Dayton Mayor Digs At Trump Over Naming Wrong Ohio City In Speech On Shootings

President Donald Trump named the wrong Ohio city in a Monday speech about two mass shootings over the weekend — and the Democratic mayor of Dayton, which lost at least nine people to gunfire in one of the massacres, called him out.

Trump’s remarks came in response to the two deadly mass shootings that occurred over the weekend in Dayton and in El Paso, Texas. But the president incorrectly identified Dayton as another Ohio city: Toledo, which is about 150 miles away.

“I’ve heard that he’s coming Wednesday, but I have not gotten a call,” Dayton Mayor Nan Whaley told reporters in response to reports that Trump may visit the communities affected by the shootings.

“And you know, he might be going to Toledo. I don’t know,” Whaley added.

Trump’s incorrect reference came at the very end of his official remarks. The president appeared to be reading from a teleprompter during the rest of the address, but a tweet from a Reuters reporter appears to show Trump going off-script at the time of the mistake.

“May God bless the memory of those who perished in Toledo. May God protect them,” he said. “May God protect all of those from Texas to Ohio. May God bless the victims and their families.”

Immediately after the president made the incorrect reference, presidential candidate Rep. Tim Ryan (D-Ohio) responded with a tweet that said, “Toledo. Fck me.” He later told CNN that Trump showed “diminished mental capacity to be able to lead.”

The White House’s official transcript of the speech shows a strike through the words “in Toledo.”

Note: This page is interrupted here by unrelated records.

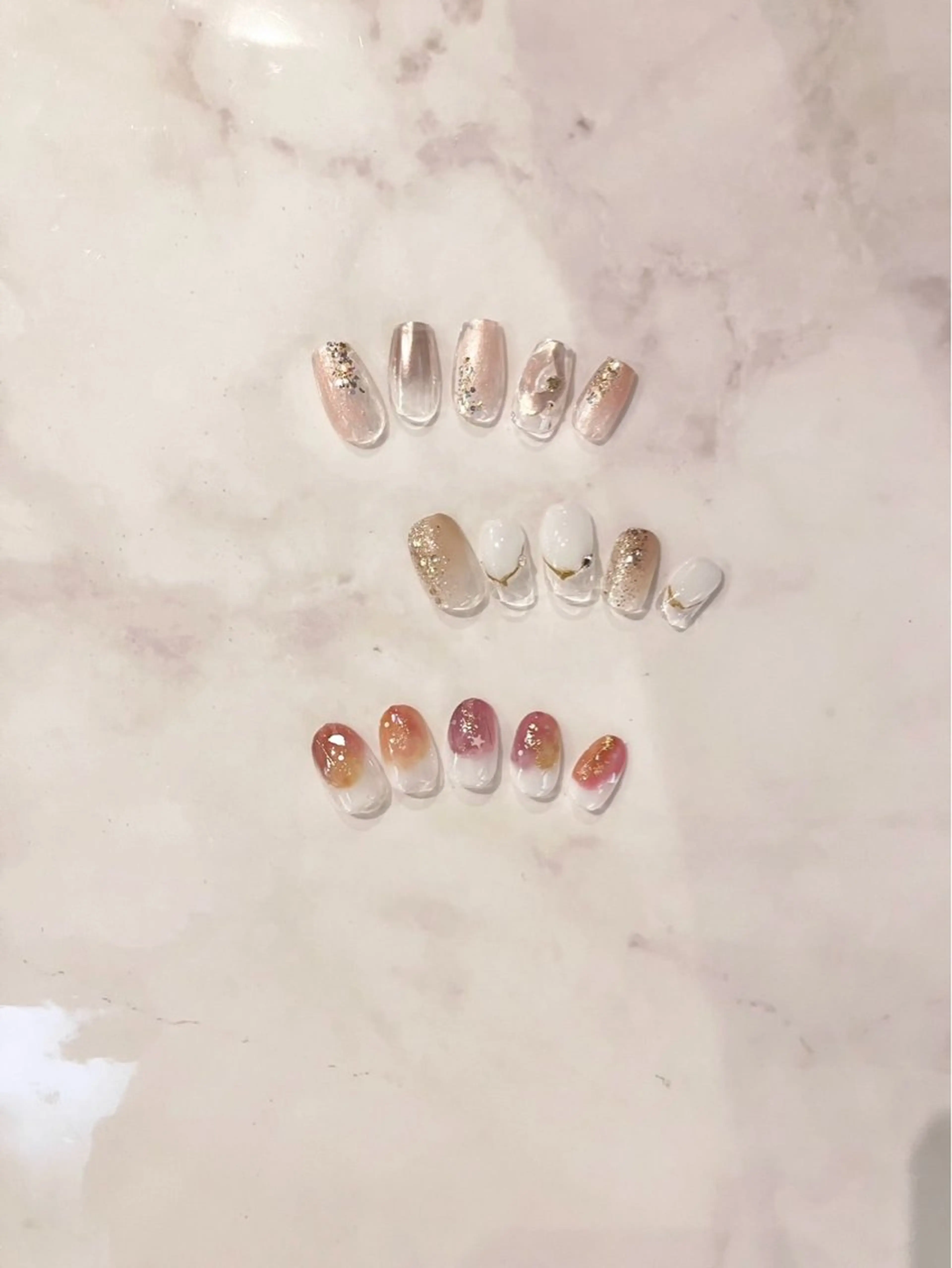 ネイル ecrin 💎 mayuのネイルデザイン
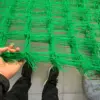 Green 18-strand mesh, 10*10 cm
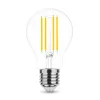 Modee dimmelhető, A60-as, klasszikus formájú filament LED izzó, meleg fehér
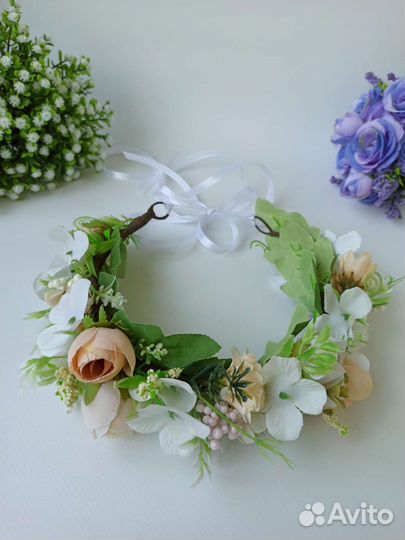 Венок на голову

A 24-year-old white gunman opened fire in Dayton’s downtown Oregon District at about 1 a.m. on Sunday, killing at least nine people, including his own sister, and injuring 27. The suspect, Connor Betts, was armed with a legally obtained rifle with high-capacity magazines. Police killed him at the scene 24 seconds after he began shooting, according to Whaley.

While police continue to investigate a motive, former classmates said Betts had a history of threatening violence, such as making “kill lists” and “rape lists.”

That shooting came just hours after a white gunman killed 22 people and injured dozens more at a Walmart in El Paso, a Texas town that sits on the U.S.-Mexico border and has a large Hispanic population. That gunman, who is now in custody, is suspected of posting a racist, white supremacist manifesto on 8chan before carrying out the attack.

In his Monday remarks, Trump blamed the massacres on white supremacy, mental illness, video games and the internet. But he did not fault his own racist rhetoric or Republicans’ lack of support for gun control, saying, “Mental illness and hatred pull the trigger ― not the gun.”

“I mean, I think the real key is there would be no trigger at all if we didn’t have the gun,” Whaley said Monday on CNN. “I don’t really know why any citizen would need this kind of gun at any time.”